Centrepiece of the event will be the big, 6000sqm Mystery Creek Pavilion. This will be surrounded by marquees and clearspan exhibition buildings that will house trailer boats of all shapes and sizes and a complete range of marine equipment, products and services.
Fronting the main pavilion will be two of the Team New Zealand Etchells training yachts, and suspended from the roof an attention-grabber in the form of nine aluminium dinghies.
Boating Industries Association executive director Peter Busfield says the move to Mystery Creek will be great for the boatbuilding companies in the area. It will also be great for the public drawn from the huge catchment area throughout the central North Island, he says.
Chairman Doug Baldwin sees the move from Hamilton to the specialist exhibition space as benefiting both exhibitors and patrons.
"The move means we can support our exhibitors through better infrastructure and professional management. And for patrons it means we can provide a better entertainment experience," he says.
Each day veteran fishing guru Bill Hohepa will be demonstrating how best to prepare hooks, create simple lures and understand the secrets of the Maori fishing calendar. He will also be revealing some culinary secrets.
There are also daily fashion shows that include wet-weather gear, diving and swimwear and specialist multi-sport clothing.
For entertainment from left field there is the Cambridge v Waikato international university rowing challenge on Saturday, August 31. Teams of elite international rowers will go head-to-head indoors over 1000m on rowing machines. The event is a prelude to the first university race on the Waikato River the next day.
Challenge organiser Leigh Townsend says having the two teams both at the show and on the river next day is a great opportunity to promote the sport in the nation's rowing capital.
"To have an elite team like Cambridge University come to Hamilton is fantastic for the sport," he says.

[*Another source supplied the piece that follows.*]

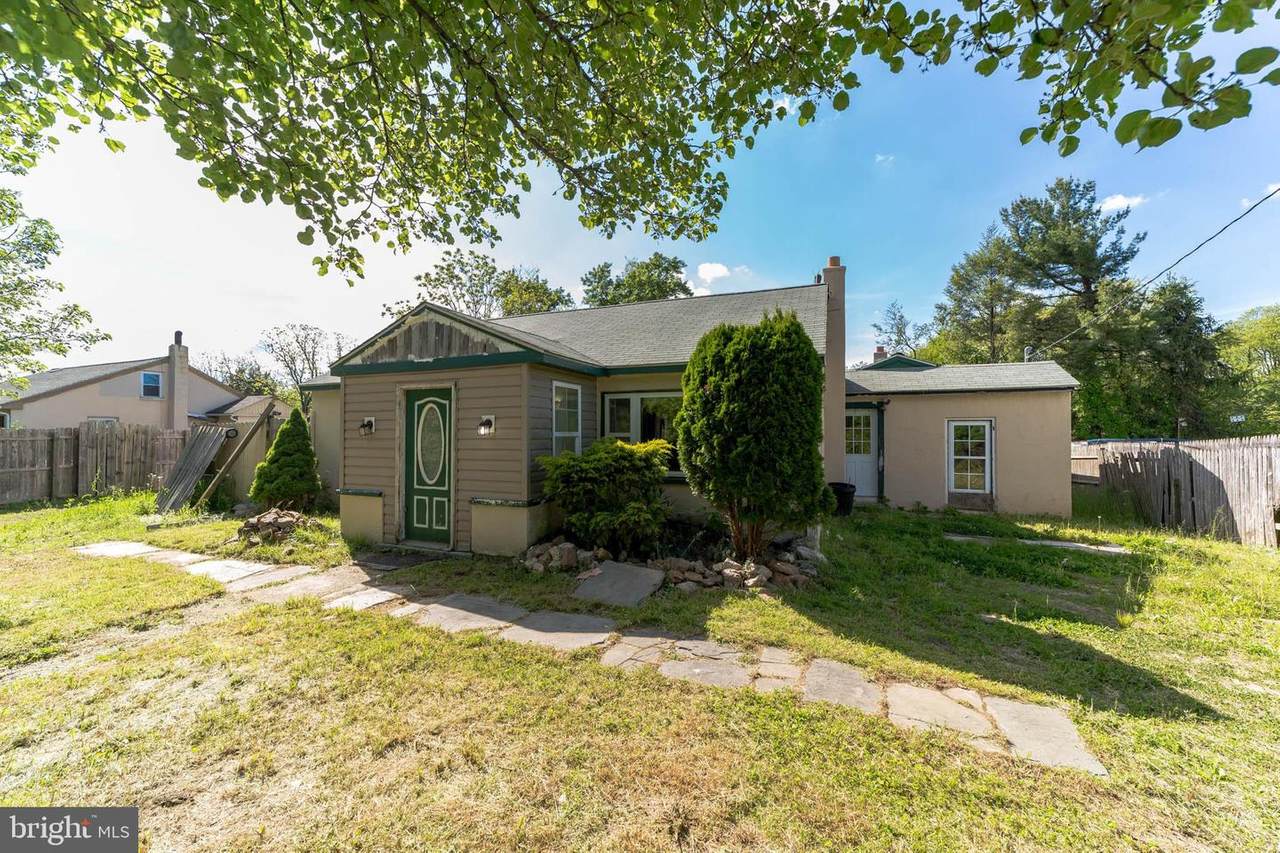 1073 Hopewell Road - Photo 1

"With the National Academy of Rowing at Lake Karapiro there is a huge depth of talent here and we need to foster and encourage our upcoming rowers."

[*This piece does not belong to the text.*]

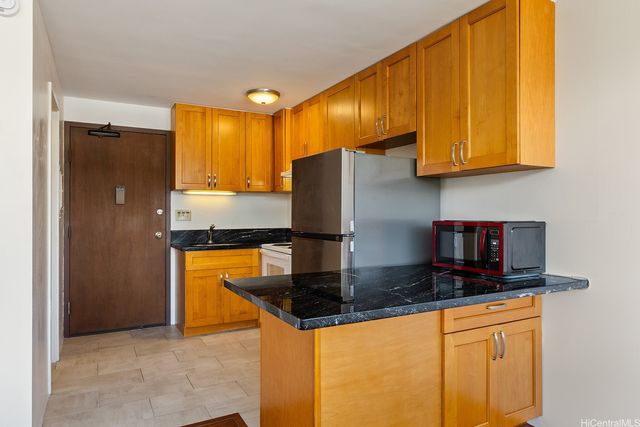1560 Kanunu Street 1120, Honolulu, HI 96814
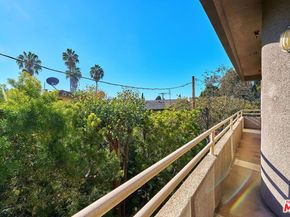 5050 Maplewood Avenue 206, Los Angeles CA 90004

Rowers from the Waikato, Cambridge and Waikato University rowing clubs will also compete in the indoor series.
One of the bigger boats at the show will be a 34-foot Wavecrusher from Warkworth that weighs 6.5 tonnes and will take more than four hours to get from the Wavecrusher Boats yard to the Hamilton show site.
Marine Haulage manager Bruce Clair says the boat just squeaks in for daylight transport and if all goes well there will be no problems and he won't have to leave the cab at any stage of the trip to Mystery Creek.
Watersport demonstrations will be held on the Waikato River boundary of the exhibition site with jetskis, wakeboarding and Thundercat action from 11am until 2pm on Saturday and Sunday.
Prize for safe skipper
The first prize in the New Zealand Herald safe boating competition will be featured at the National Boat Show.
To win the $60,000 Stabi-Craft 595XR powered by a Yamaha 115hp outboard, entrants need to answer a series of safe skipper questions that will run in the Weekend Herald from October 26.
Until the contest proper begins, the prize rig is acting as a mobile reminder of the need for boat safely.